On the third Friday of December 2021, an orange-on-black LED construction sign displayed an ominous message to beach-goers in Morro Bay, California. “FATAL SHARK ATTACK,” the sign stated simply. Earlier that day, someone had spotted a large object floating in the water. The object was a man, and the man had been attacked by a great white shark while boogie boarding. He was pronounced dead at the scene.
While movies like the 1970s thriller Jaws have made shark attacks a pervasive phobia in the American collective subconscious, the truth is that they are extremely rare. Before the boogie boarder was discovered in Morro Bay, it looked like the U.S. might have a shark fatality-free year. And it wouldn’t have been an unusual occurrence — 2014, 2016 and 2017 saw no fatalities.
Of course shouting these statistics at a terrified Midwesterner who is white-knuckling a surfboard during their first trip to the ocean is not bound to help. Shark attacks are inherently scary.
“For a number of reasons, shark attacks still hold an outsized effect on us when it comes to fear,” Louisiana State University associate professor of oceanography and coastal sciences Steve Midway says. “It’s important to try to understand shark attacks so that we can minimize them and understand the conditions that increase their likelihood.”
In December, Midway and researcher Lindsay French published a paper with this goal in mind. The researchers investigated a potential link between shark attacks and the phases of the moon — a relationship that has long been theorized but never tested. Midway and French analyzed shark attack reports from the Florida Museum’s International Shark Attack File from 1970 to 2016. By drawing from such a large data set, they were able to draw an unambiguous conclusion. “We found a correlation between lunar phase and numbers of shark attacks,” Midway says. In short, more attacks occurred when the moon was more full.
Importantly, Midway notes that almost all shark attacks occur in broad daylight. It is unlikely that the extra lunar illumination itself is causing sharks to be more aggressive towards humans. Instead, the researchers hypothesize that Earth systems associated with lunar phases might be the culprit.

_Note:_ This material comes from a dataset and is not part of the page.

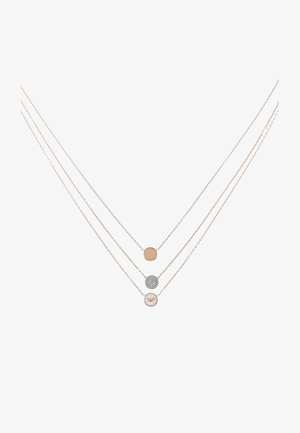 Trois colliers délicats en chaîne d'or avec de petits pendentifs ronds : or simple, incrusté de strass, et blanc avec un logo doré.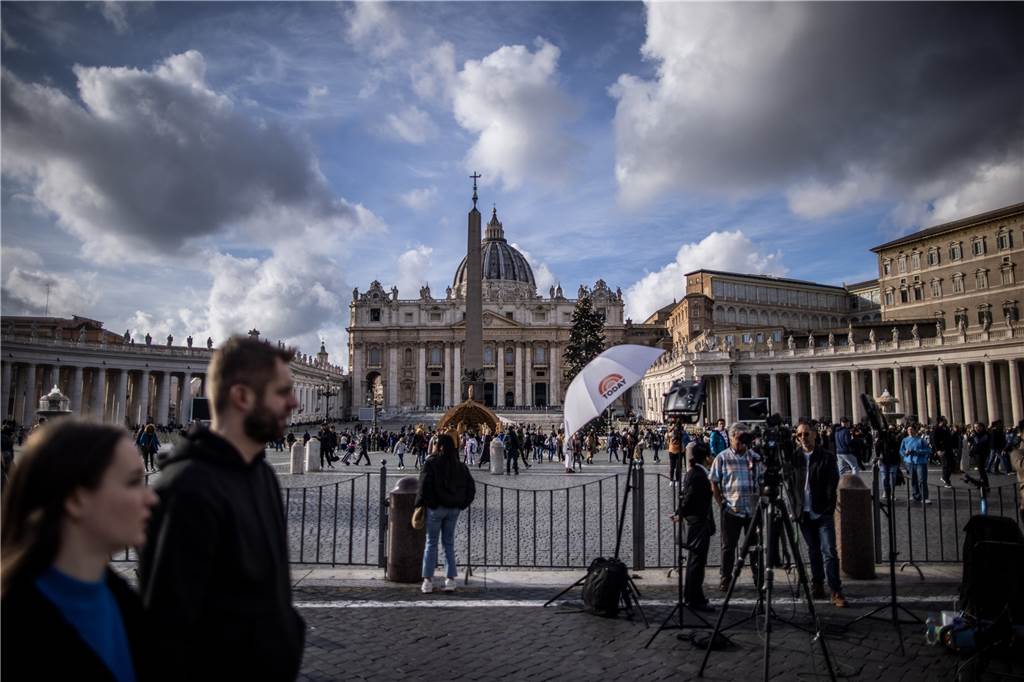 Meine Begegnung mit Papst Benedikt XVI.: Redakteurin erinnert sich Ansicht des Petersdoms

“We’re not hypothesizing that more light from the moon leads to shark attacks. But, while we can’t describe what the mechanism may be, we can say ‘let’s continue to look at the moon.’”

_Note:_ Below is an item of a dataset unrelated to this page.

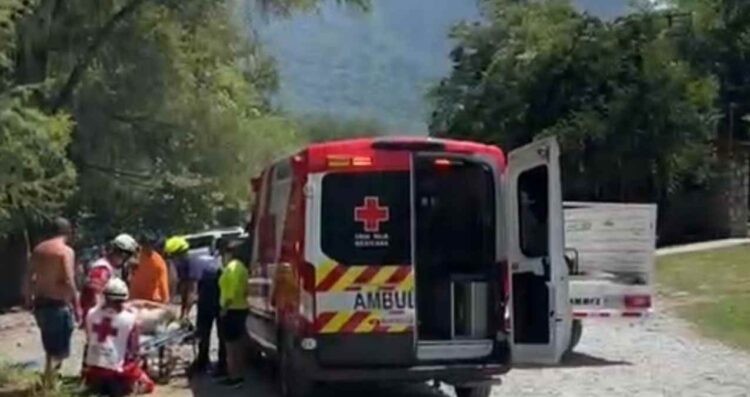 Camioneta mujer y bebé en Allende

One potential cause is tides. As the Earth rotates, gravity causes our planet’s oceans to swell in the areas both closest and furthest from the nearest celestial body: the moon. While the authors recognize that tides are an obvious connection between the moon and marine ecosystems, the phenomenon is not at the top of their list of potential culprits. Tides have unique and variable effects from place to place, so it is unlikely that they would affect shark behavior in a uniform way around the world.

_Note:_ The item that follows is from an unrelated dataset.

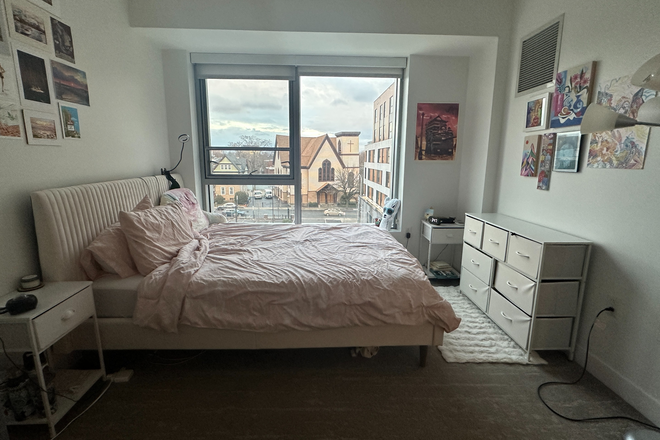 Bedroom - Master bedroom in luxury 2b2b Apartments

“Across the globe, tides vary in terms of their intensity, magnitude and the number of times that they occur throughout the day,” Midway says.
On the other hand, Midway is “a little bit more intrigued by electromagnetic fields.” Just last year, researchers at Florida State University, showed that sharks use the earth’s electromagnetic field to stay oriented during long migrations. Essentially, sharks have an internal compass. Because the Earth’s electromagnetic field is also affected by the moon, Midway and French call for further investigations into how electromagnetic shifts alter sharks’ behavior.
For now, the link between sharks and our moon remains an intriguing mystery. One day, though, scientists may be able to divine celestial guidance about where and when to go surfing.